Da Fuglsang + 5 a Majka -3: come cambiano le valutazioni
Fuglsang +5
Fuoriclasse assoluto nelle corse di un giorno. Probabilmente se avesse fatto qualche anno prima questa scelta professionale avrebbe vinto molto di più. Appoggiato dal giovane Vlasov, gioca con G.Bennett fino alla stoccata decisiva sul San Fermo. Arriva in solitaria, da dominatore, conquistando con merito la sua seconda Classica Monumento. Per quanto riguarda il Fantacycling è di una costanza incredibile. Chapeau.
G.Bennett +4
Dimostra di avere una condizione eccellente. Parte da outsider ma è l'ultimo a cedere allo strapotere di Fuglsang. Secondo posto di rilievo e di prospettiva, ma soprattutto porta punti pesanti a quei fantamanager che hanno scommesso su di lui. Brillante.
Vlasov +4
Possiamo ancora parlare di rivelazione? Probabilmente no. Corre una Classica Monumento da veterano e si dimostra uno dei prospetti più interessanti del panorama ciclistico e anche del Fantacycling. Nelle fasi finali della corsa va in leggera difficoltà, ma non alla deriva. Sfrutta la riserva di energie e il carattere per cogliere un podio prestigioso. Conferma.
Mollema +2
Il campione uscente già sul Muro di Sormano soffre e non sembra brillante come nell’edizione 2019. Stringe i denti con ghigna da combattente. Grande lavoro per provare a riportare sotto Ciccone. Alla fine chiude addirittura ai piedi del podio, portando punti pesanti ai fantamanager. È uno di quelli che alla fine dell'anno avranno ripagato il vostro investimento. Affidabile.
Ciccone +1
Buona prestazione dell'abruzzese. In alcuni momenti della gara dà l'impressione di poter lottare per la vittoria, poi si perde un po' e non riesce a rimanere attaccato al terzetto di testa. Una sfortunata foratura nel finale non gli impedisce di chiudere al quinto posto. Punti preziosi. In crescita.
Hermans +1
Reduce da un lungo e complicato infortunio alla spalla (caduta al Tour Down Under), dimostra di essere in crescita di condizione, centrando la top ten in una Classica Monumento dura come il Lombardia. Dà la sensazione di avere nelle gambe ottimi piazzamenti e tanti fantapunti. Promettente.
Majka - 3
Il polacco della Bora, già non brillantissimo nella corsa di casa, è uno dei molti corridori a pagare lo sforzo sul Muro di Sormano. Si stacca e rimane fuori dal drappello di uomini che si giocano la corsa. Però, a differenza di altri che continuano a lottare, va alla deriva e accumula oltre dieci minuti di ritardo. Considerando che era tra i favoriti e che questo passaggio a vuoto getta delle ombre in prospettiva Fantacycling, ci sentiamo di calarlo un po' in termini di prezzo.

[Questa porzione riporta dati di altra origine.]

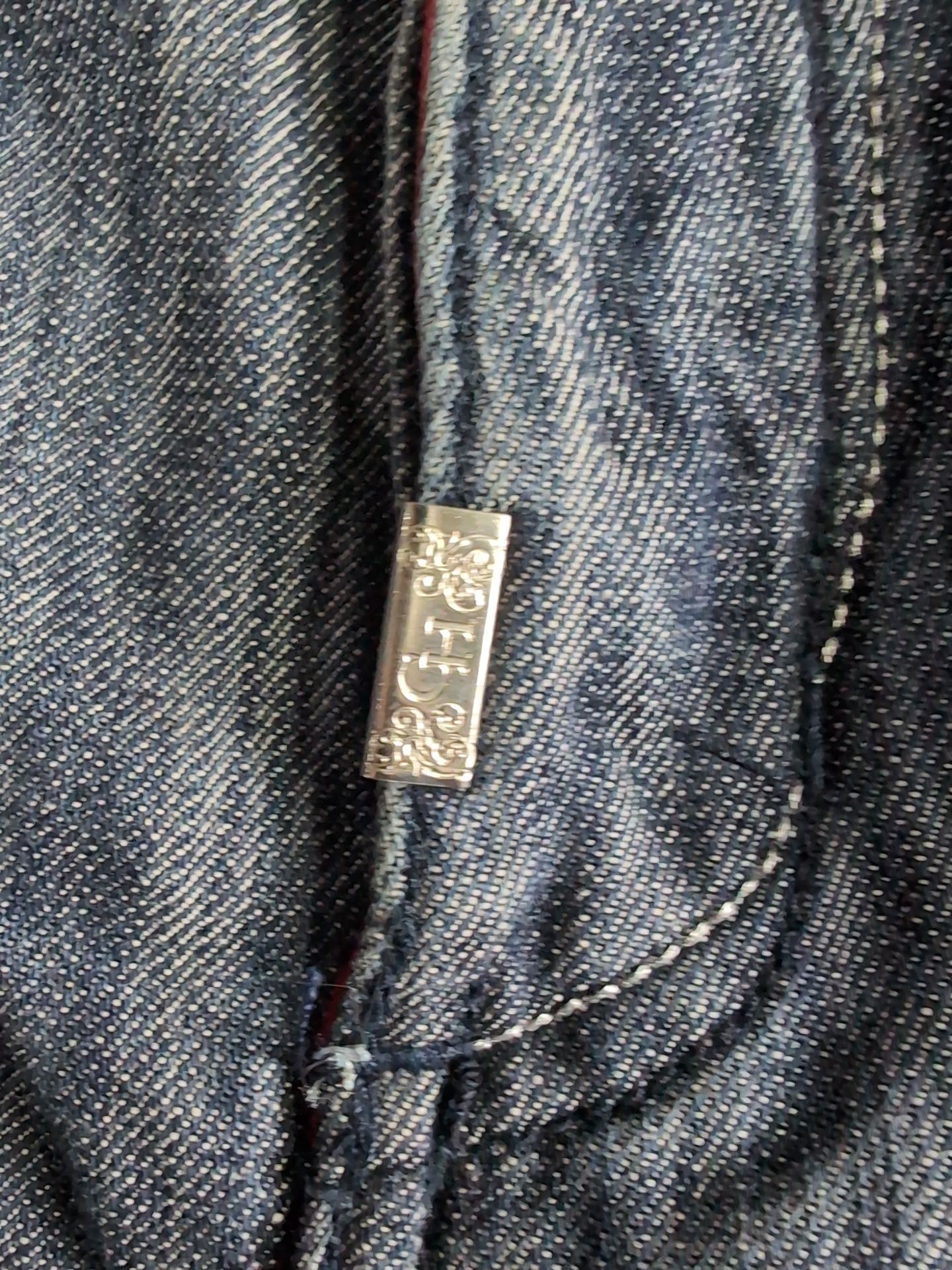 Crown holder 60 | W44 - zdjęcie 10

Delusione.
Woods - 2
Il canadese non entra mai in corsa e chiude 29°, a quasi tredici minuti, in una gara adatta alle sue caratteristiche, dimostrando di non essersi rimesso completamente dalla rottura del femore di marzo alla Parigi Nizza. I dubbi sulle possibilità che possa esprimersi a breve termine sui suoi livelli abituali ci induce a calarlo di due fantamilioni. Incognita.
Carapaz - 1
L'ecuadoregno, capitano di giornata del Team Ineos, non riesce ad essere competitivo. Sembra soffrire il caldo e perde le ruote dei migliori, dovendo rinunciare relativamente presto ad essere protagonista. Le corse di un giorno non sono certo la sua specialità, ma da uno scalatore con un prezzo così alto, i fantamanager si aspettavano qualcosa di più di un tredicesimo posto. Inevitabile il milioncino di penalizzazione. Accaldato.